→ **Problem to solve**:
When the line containing "empty room with baseboards, dark" appears in the entries below, begin printing there and stop after the line containing "Beige colour artistic"; print each of those lines exactly and no other line.

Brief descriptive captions
-- Opening Marker --
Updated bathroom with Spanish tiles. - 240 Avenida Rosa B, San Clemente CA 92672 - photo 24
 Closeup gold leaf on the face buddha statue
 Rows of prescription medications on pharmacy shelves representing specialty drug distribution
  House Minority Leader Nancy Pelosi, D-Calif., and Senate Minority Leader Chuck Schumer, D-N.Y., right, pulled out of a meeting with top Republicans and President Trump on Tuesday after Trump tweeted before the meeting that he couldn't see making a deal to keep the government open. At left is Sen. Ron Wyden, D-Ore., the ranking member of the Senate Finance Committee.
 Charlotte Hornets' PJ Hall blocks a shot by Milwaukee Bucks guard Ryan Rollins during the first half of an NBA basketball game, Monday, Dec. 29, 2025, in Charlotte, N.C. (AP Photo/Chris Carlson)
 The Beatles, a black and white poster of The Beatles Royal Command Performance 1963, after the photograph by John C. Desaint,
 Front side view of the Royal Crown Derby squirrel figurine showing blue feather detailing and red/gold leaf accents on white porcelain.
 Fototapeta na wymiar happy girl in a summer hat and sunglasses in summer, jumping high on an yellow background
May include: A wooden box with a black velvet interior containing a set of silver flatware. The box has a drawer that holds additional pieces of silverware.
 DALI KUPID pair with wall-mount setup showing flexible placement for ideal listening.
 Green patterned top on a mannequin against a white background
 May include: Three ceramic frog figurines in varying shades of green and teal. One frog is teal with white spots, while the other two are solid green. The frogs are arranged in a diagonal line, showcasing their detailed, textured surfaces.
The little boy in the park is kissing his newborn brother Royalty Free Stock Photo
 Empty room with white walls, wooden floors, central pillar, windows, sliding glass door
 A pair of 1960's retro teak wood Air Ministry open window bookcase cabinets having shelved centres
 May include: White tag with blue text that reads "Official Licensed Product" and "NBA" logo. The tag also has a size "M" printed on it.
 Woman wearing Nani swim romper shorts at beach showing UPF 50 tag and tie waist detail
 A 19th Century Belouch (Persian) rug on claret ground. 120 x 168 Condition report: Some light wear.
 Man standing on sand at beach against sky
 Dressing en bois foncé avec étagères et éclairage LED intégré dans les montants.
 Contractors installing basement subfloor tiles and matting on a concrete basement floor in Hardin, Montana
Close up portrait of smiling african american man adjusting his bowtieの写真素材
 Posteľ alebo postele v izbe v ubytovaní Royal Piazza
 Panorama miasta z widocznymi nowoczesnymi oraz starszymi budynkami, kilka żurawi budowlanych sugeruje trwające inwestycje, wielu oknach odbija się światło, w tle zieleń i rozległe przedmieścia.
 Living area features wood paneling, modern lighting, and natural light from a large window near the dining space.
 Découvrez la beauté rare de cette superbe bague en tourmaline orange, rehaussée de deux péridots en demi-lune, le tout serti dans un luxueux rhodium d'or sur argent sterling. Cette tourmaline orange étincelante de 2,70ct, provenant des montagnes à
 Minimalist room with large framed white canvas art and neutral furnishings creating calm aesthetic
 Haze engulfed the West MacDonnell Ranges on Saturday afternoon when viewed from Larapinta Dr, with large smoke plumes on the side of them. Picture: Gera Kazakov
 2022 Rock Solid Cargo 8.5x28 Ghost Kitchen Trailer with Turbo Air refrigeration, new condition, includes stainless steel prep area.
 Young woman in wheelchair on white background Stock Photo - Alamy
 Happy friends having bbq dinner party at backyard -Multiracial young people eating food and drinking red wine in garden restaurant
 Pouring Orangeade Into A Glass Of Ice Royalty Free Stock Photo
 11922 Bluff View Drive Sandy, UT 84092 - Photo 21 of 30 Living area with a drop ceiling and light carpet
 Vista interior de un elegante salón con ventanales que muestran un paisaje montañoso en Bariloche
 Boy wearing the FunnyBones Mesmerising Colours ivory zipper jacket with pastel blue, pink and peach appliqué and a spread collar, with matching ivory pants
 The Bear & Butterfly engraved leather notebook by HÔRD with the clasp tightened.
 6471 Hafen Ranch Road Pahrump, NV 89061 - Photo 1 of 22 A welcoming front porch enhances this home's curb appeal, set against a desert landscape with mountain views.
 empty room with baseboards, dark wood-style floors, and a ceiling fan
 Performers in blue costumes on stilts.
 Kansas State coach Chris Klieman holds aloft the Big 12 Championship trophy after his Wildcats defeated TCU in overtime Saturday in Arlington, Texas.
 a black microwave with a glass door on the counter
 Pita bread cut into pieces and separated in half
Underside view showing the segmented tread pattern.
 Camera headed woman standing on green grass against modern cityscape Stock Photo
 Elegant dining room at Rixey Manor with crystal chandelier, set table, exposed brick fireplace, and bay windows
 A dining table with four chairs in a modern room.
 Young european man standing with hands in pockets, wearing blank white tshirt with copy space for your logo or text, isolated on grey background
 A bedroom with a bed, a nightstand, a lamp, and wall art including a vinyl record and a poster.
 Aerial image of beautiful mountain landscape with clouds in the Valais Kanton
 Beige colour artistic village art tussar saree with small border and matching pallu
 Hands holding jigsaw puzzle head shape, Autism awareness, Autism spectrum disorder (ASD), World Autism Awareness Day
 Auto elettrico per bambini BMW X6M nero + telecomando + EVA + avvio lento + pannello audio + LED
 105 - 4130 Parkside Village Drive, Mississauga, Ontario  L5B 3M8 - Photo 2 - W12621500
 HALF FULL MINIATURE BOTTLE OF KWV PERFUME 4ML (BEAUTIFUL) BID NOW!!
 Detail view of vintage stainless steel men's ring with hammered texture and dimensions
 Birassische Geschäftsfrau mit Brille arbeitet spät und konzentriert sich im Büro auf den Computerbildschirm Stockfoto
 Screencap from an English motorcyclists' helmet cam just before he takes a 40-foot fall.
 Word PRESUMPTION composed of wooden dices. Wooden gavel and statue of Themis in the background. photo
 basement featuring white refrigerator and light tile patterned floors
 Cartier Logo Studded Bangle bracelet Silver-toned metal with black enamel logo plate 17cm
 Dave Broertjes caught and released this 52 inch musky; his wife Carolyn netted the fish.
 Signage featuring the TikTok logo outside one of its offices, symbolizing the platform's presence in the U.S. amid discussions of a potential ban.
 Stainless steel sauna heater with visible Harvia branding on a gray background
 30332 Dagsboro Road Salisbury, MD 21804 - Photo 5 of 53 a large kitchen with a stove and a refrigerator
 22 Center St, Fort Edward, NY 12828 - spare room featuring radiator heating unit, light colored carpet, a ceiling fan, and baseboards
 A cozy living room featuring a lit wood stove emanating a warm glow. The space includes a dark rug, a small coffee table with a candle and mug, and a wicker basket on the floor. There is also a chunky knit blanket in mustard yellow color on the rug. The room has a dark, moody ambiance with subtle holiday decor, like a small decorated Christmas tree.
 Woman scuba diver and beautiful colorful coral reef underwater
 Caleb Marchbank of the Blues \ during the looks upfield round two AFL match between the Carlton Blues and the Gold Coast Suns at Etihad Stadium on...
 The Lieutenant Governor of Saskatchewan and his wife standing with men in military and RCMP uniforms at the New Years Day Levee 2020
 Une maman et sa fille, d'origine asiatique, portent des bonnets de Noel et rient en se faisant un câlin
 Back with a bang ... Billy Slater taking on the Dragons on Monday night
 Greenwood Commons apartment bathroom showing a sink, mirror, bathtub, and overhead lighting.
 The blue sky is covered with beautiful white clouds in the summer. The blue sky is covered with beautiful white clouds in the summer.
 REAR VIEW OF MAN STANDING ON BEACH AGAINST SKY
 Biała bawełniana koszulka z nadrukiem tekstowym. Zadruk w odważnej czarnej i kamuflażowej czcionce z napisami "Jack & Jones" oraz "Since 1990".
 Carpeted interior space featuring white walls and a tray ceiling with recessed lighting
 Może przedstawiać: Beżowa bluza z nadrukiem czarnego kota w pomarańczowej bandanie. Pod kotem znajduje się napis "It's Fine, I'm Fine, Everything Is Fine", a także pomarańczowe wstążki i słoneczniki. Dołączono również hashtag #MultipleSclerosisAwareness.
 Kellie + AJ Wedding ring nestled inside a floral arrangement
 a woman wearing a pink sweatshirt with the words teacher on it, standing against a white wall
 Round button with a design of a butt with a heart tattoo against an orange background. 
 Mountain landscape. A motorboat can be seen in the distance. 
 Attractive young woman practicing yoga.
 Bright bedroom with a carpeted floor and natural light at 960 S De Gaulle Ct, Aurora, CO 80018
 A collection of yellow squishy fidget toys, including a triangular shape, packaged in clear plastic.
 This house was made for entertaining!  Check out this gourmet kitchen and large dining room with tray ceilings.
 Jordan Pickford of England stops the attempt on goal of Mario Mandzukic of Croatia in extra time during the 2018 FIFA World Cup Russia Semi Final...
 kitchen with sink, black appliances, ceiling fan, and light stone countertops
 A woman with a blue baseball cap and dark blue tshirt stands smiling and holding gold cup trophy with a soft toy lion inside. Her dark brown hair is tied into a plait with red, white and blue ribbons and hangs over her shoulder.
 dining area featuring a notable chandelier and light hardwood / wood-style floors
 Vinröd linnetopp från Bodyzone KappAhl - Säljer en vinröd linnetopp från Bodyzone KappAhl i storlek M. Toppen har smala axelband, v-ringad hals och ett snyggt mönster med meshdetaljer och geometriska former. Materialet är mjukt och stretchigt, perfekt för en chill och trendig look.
-- Closing Marker --
→ **Solution for this exercise**:
 empty room with baseboards, dark wood-style floors, and a ceiling fan
 Performers in blue costumes on stilts.
 Kansas State coach Chris Klieman holds aloft the Big 12 Championship trophy after his Wildcats defeated TCU in overtime Saturday in Arlington, Texas.
 a black microwave with a glass door on the counter
 Pita bread cut into pieces and separated in half
Underside view showing the segmented tread pattern.
 Camera headed woman standing on green grass against modern cityscape Stock Photo
 Elegant dining room at Rixey Manor with crystal chandelier, set table, exposed brick fireplace, and bay windows
 A dining table with four chairs in a modern room.
 Young european man standing with hands in pockets, wearing blank white tshirt with copy space for your logo or text, isolated on grey background
 A bedroom with a bed, a nightstand, a lamp, and wall art including a vinyl record and a poster.
 Aerial image of beautiful mountain landscape with clouds in the Valais Kanton
 Beige colour artistic village art tussar saree with small border and matching pallu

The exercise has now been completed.